昨年12月に「流れ舟」をリリースして半年。早くも新曲をリリースすることになった松尾雄史。逢いたくても逢えない女性への思いをメジャー調で歌っている。「明るい雰囲気ですが、せつない内容の詞です。最初聴いた時は、何と難しい歌だなと思いましたが、歌い終わった時に達成感、爽快感がある、何ともいえない気持ちよさがある歌です」。カップリング曲の「君の瞳」は、愛する人に「ついておいでよ」と語り掛ける作品。“君の瞳は 笑顔が似合う” “君の瞳に 約束するよ”など、瞳がキーワードになっている。そんな松尾に人の目をよく見るか聞いてみた。「人の目、見ませんね。ホント映るんでしょうかね。僕のお客さんが『こっち見て?』とか言うんですが、見ると目をそむけるんですよ。恥ずかしいんですよね、うん。僕も宝塚歌劇を見に行って、目が合うとやっぱり恥ずかしいですもん。指差された時は、寒気がしました(笑)」

2021年8月4日発売
松尾雄史 サードアルバム
『松尾雄史コレクション「3枚目」

日本クラウン CRCN-41366 ¥2,600(税込)
収録曲

「君だけを」(新録)
「高原のお嬢さん」(新録)
「江梨子」(新録)
「傷だらけのローラ」(新録)
「私鉄沿線」(新録)
「言えないよ」(新録)
「鈴虫」
「湯島慕情」
「流れ舟」
「純子の泪」
「俺の花」
「星空の酒」
全12曲(曲順未定)

「いままでは演歌色が強かったので、少し歌謡曲っぽい歌も歌ってみたいなという自分自身への挑戦」。

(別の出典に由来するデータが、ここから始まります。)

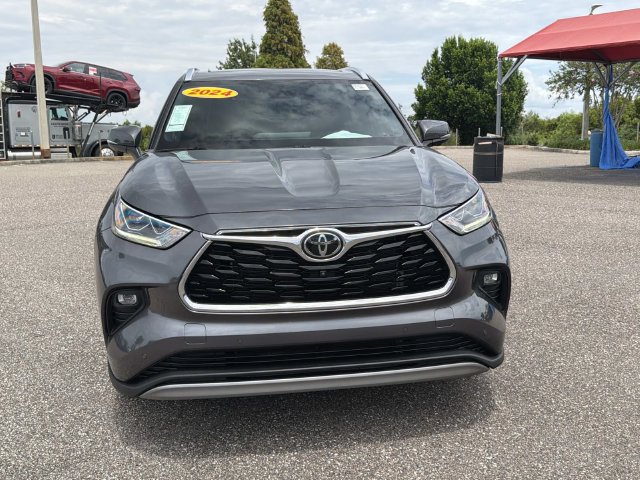 Used 2024 Toyota Highlander SUV
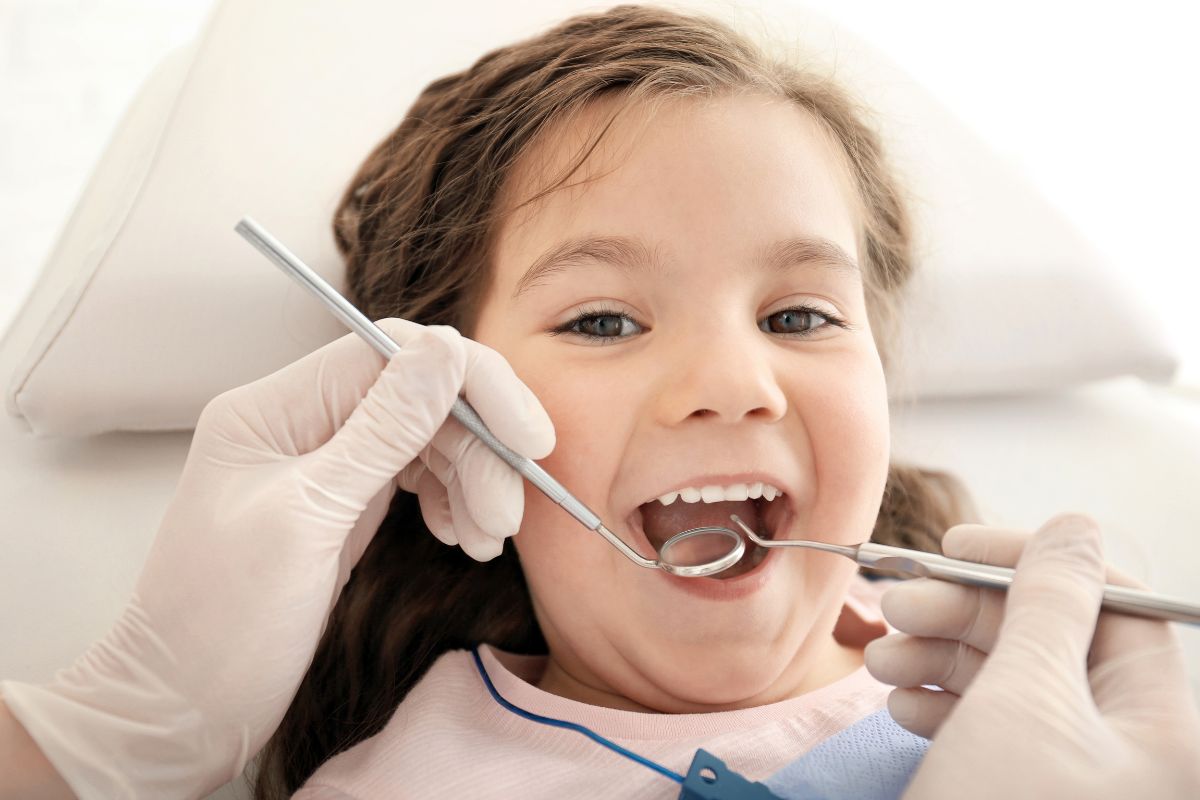 niña en una revisión con el dentista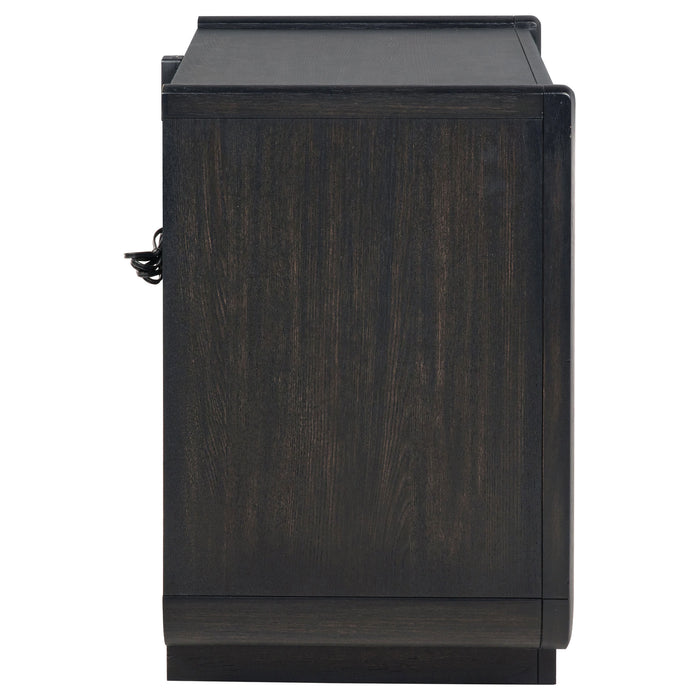 Leandro Nightstand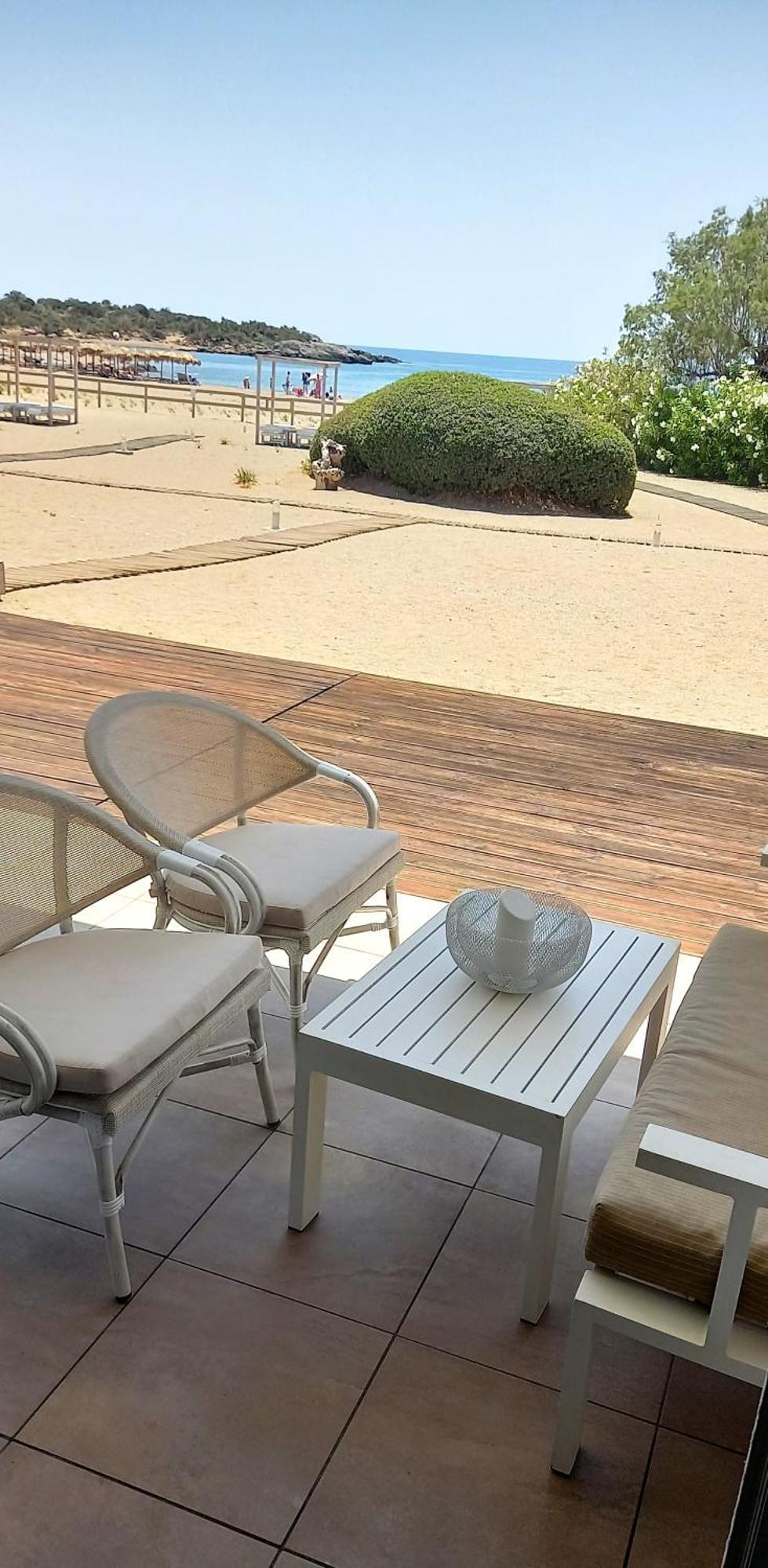 Cedar Bay Beachside Villas Palaiochora Exteriér fotografie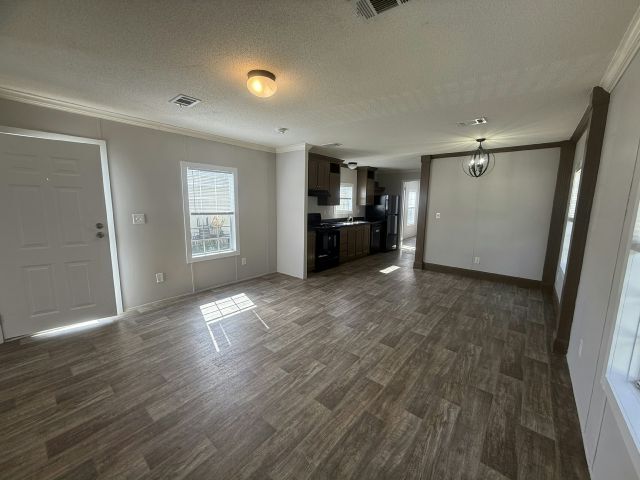 Foto del edificio - 9711 Polak Dr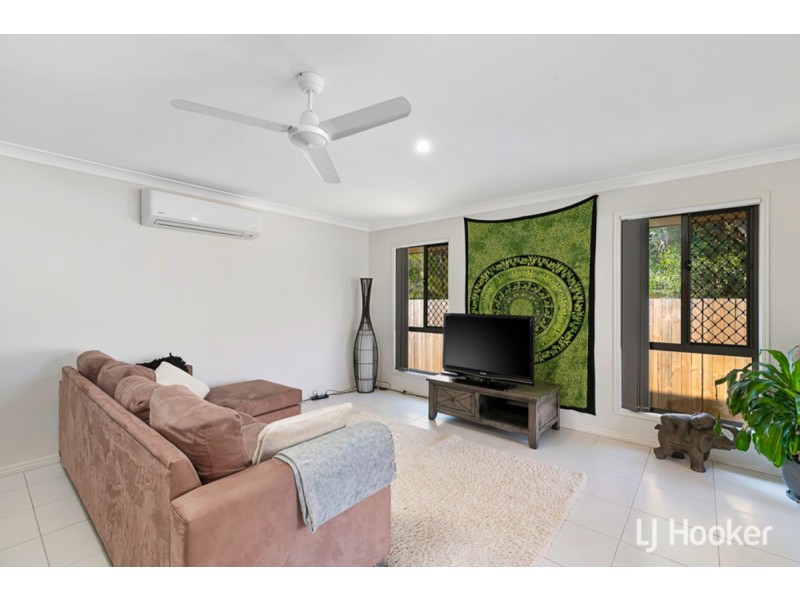 29 Pyrus Place, Redland Bay QLD 4165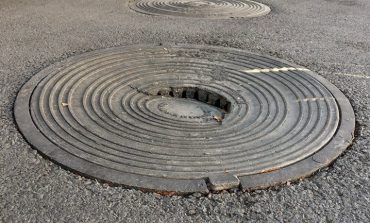 В Сарате на замену крышек канализационных люков потратят 300 тысяч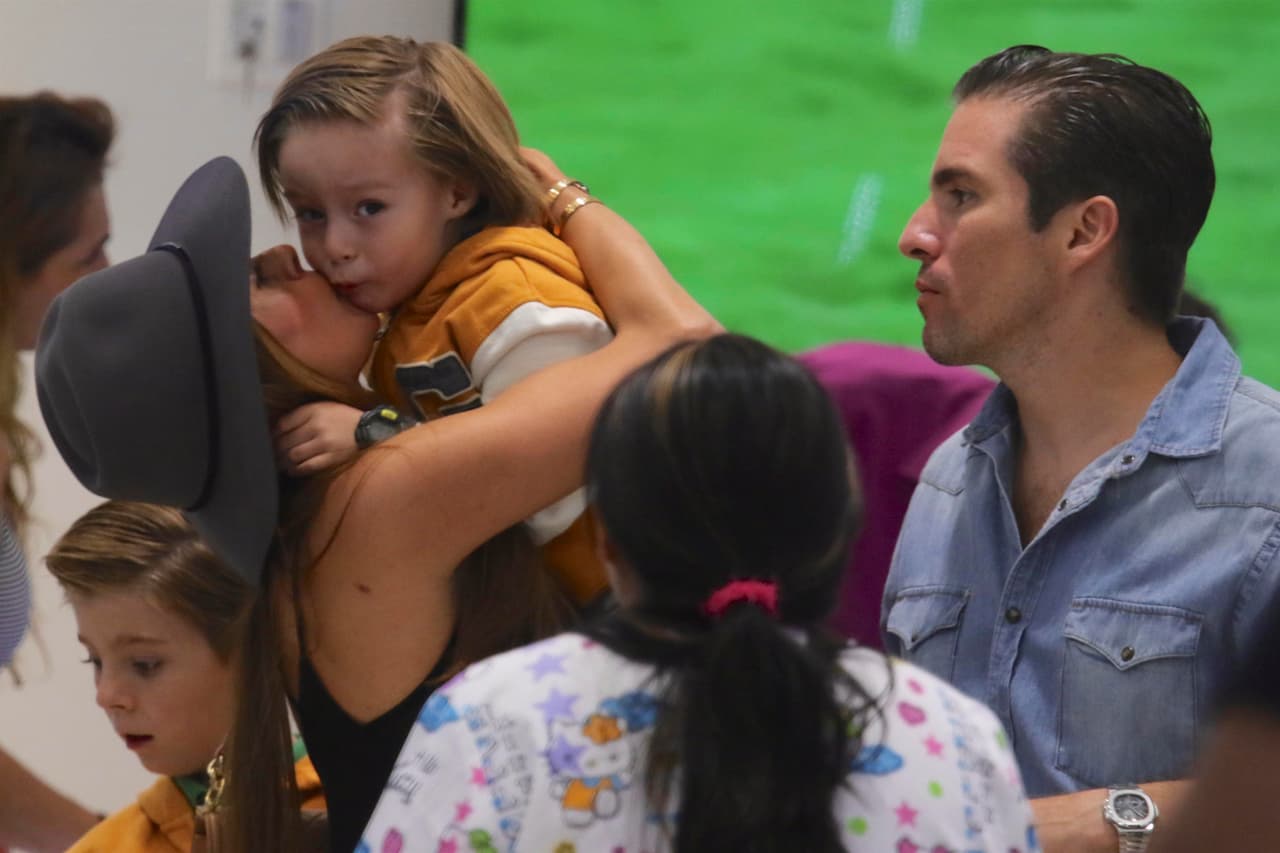 La presentadora también se dejó ver de lo más dulce con su hijo, Mateo.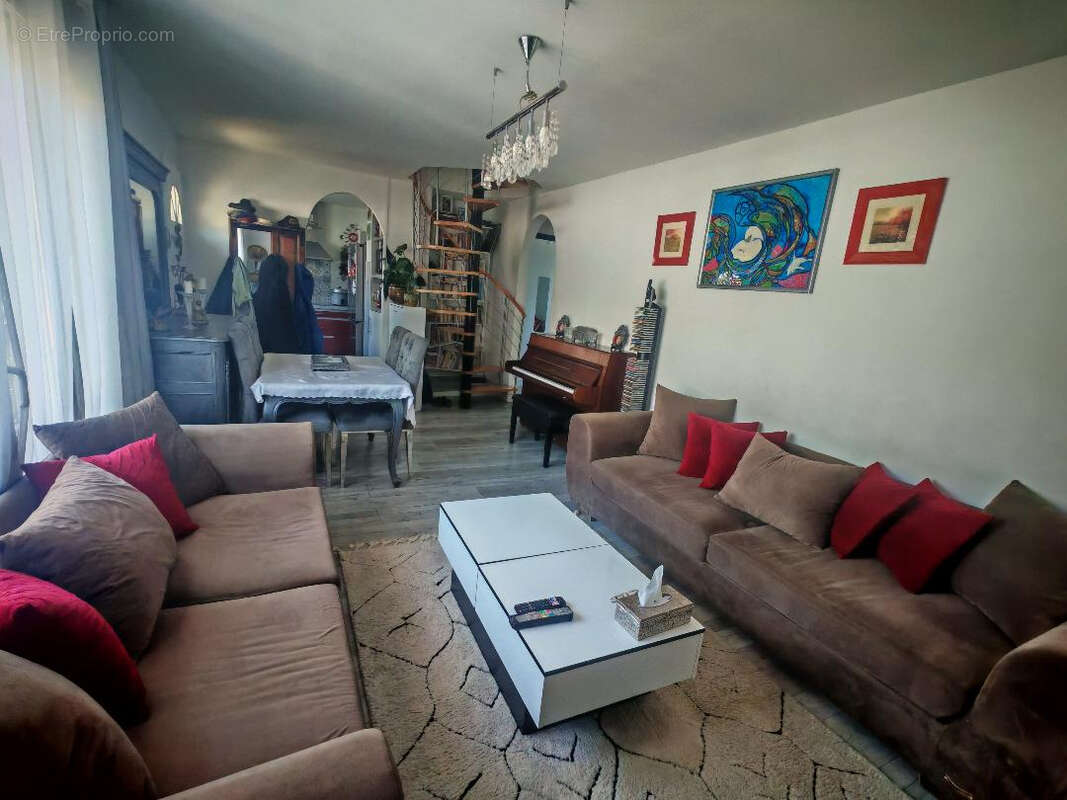 Maison à SARTROUVILLE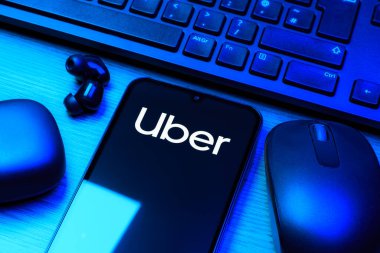 Prag, Çek Cumhuriyeti - 10 21 2024: Uber logosunu gösteren akıllı telefon.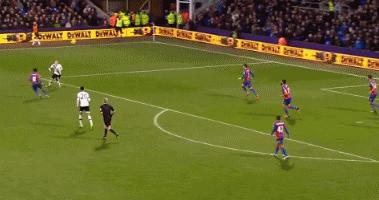 英国留学生去看足球,英国留学生踢足球方便融入环境吗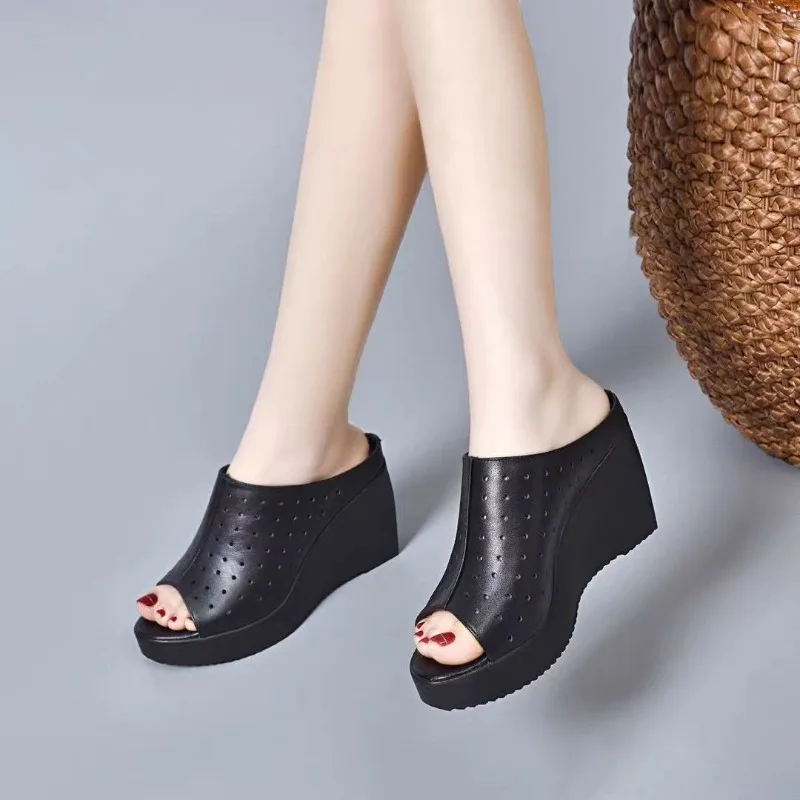 2025 Primavera y novedad de verano, sandalias coreanas grandes de Boca de pescado con parte inferior gruesa y bizcocho para mujer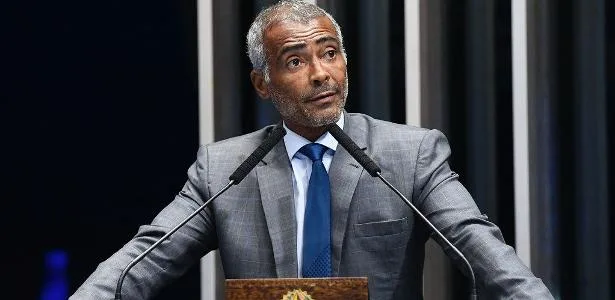 Romário deixa PL e vai apoiar Eduardo Paes na disputa pelo governo do Rio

松尾雄史のサードアルバムでは、御三家と新御三家のヒット曲をカバーしている。コンサートではアルバム収録曲の中から、西郷輝彦の「君だけを」、舟木一夫の「高原のお嬢さん」、橋幸夫の「江梨子」、野口五郎の「私鉄沿線」、郷ひろみの「言えないよ」、西城秀樹の「傷だらけのローラ」を歌った。
「舟木一夫さんの『高原のお嬢さん』は初めて聴いた曲ですが、あとは過去に何度か耳にした曲ばかりです。新御三家の歌は、コブシを回さずに歌うことに苦労しました。オリジナルのイメージを残しつつ自分のエッセンスを入れて歌わせていただきました」
新御三家の3曲を歌い終わった時には、観客に「コブシ回ってました? 回ってないはずです」と笑顔で語りかけていた。特に「傷だらけのローラ」は印象的だった。多くの若手歌手がカバーする名曲だが、どこか西城秀樹に似ている。西城秀樹が蘇ったかと思うほどに聴かせる若手もいて、それはそれで素晴らしい。しかし、松尾の歌う「傷だらけのローラ」は、西城秀樹の雰囲気を残しながらも、澄んだ声で、ピュアに叫ぶ“ローラ”が新鮮だった。令和の時代に蘇った新生「傷だらけのローラ」とも言えるような、松尾にしか歌えない名曲カバーだった。